:: Data excerpt ::

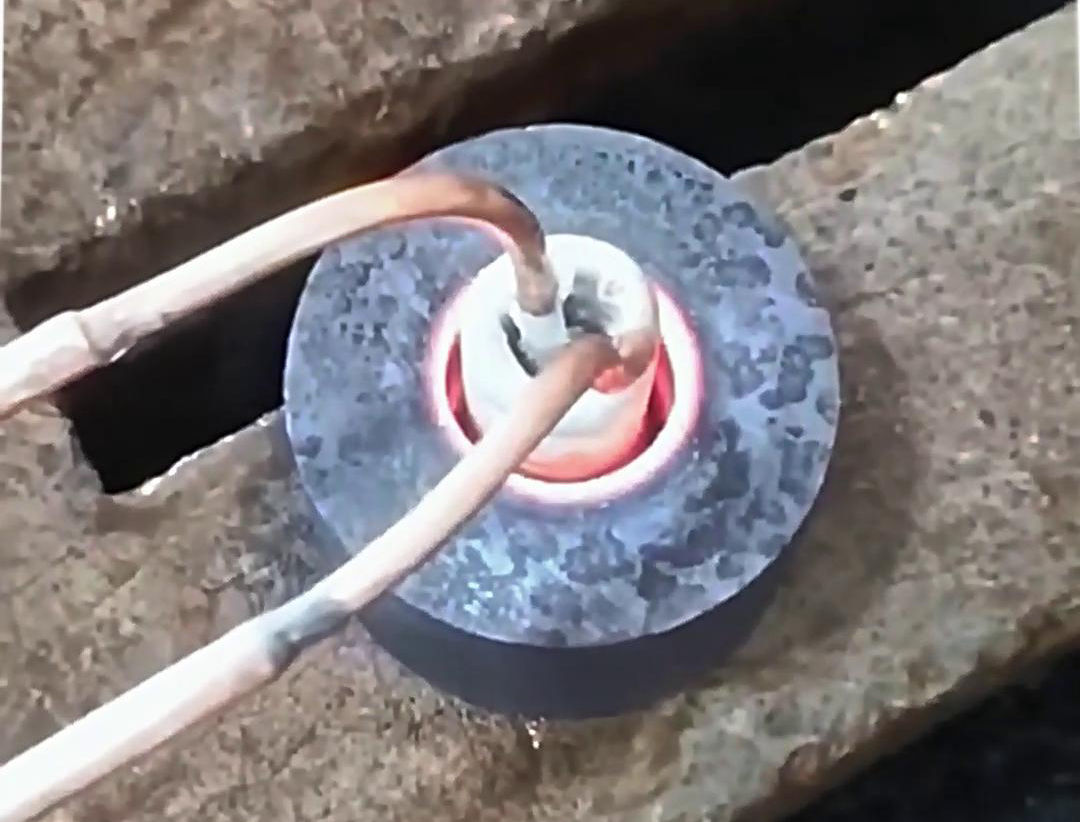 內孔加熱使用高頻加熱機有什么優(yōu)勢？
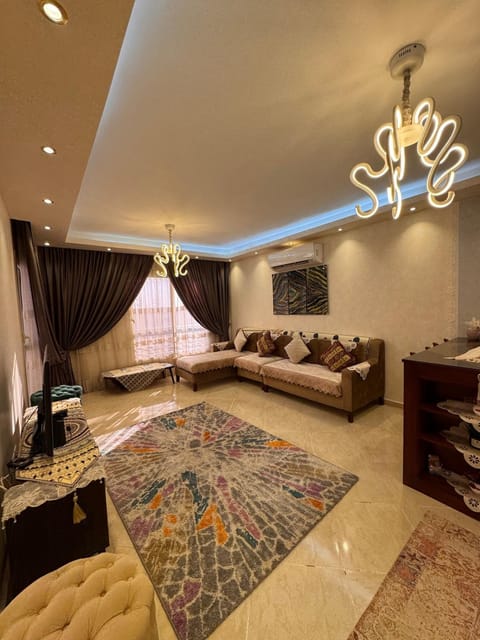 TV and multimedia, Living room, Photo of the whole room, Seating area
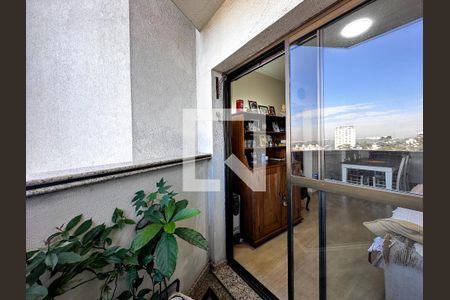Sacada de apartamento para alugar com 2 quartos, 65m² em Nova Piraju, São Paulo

:::

_What to work on:_
Without the pictures, repeat every line of the material above exactly.

_Response to the task:_
 內孔加熱使用高頻加熱機有什么優(yōu)勢？
 TV and multimedia, Living room, Photo of the whole room, Seating area
Sacada de apartamento para alugar com 2 quartos, 65m² em Nova Piraju, São Paulo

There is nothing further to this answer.